Method for Resonant Frequency Attenuation in Dynamic Audio Equalizer
Round 1
Reviewer 1 Report
Comments and Suggestions for AuthorsIn this paper, a method is proposed to attenuate the resonant frequency across the entire frequency spectrum of an audio signal. By applying a fast Fourier transform to the frequency spectrum, One-third octave bands and Equivalent Rectangular Bandwidth scale are derived. Simultaneously, a threshold curve array, which can detect the resonant frequency, is generated using the standard deviation. An IIR peak filter is then designed to process the input audio signal. The paper presents a clear logical structure, comprehensive work, and demonstrates a degree of innovation and engineering practicality. However, there are still several issues that require clarification or further attention from the authors.
- In line 251 on page 7, it is proposed that a judgment criterion of -15 dB should be used to determine whether to adopt the ERB distribution. However, the data lacks corresponding theoretical support. It is recommended that the author include relevant data or simulation experiments to substantiate this judgment criterion.
- The third section of the paper includes a detailed analysis of the experiment. However, it does not provide the specific resonant frequency of the corresponding audio data. This omission undermines the ability of the experimental results to support the conclusions drawn. It is recommended that the author enhance the third section by including the specific resonant frequency of the relevant audio data.
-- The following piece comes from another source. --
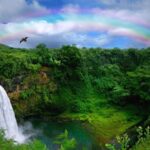 Kauai: Customized Luxury Private Tour - Who Should Book This Tour?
- In certain experiments, the images and analyses do not align well, as illustrated in Figure 11. It is recommended that the author enhance and optimize some of the experimental diagrams.
- The second section lacks specific algorithm details, particularly regarding the processing of arrays, such as threshold curves mentioned in Section 2.4. It is recommended that the author supplement and enhance this information.
- The datasetsutilized in this paper comprises 20 audio files, and it is recommended that the author consider expanding the datasets.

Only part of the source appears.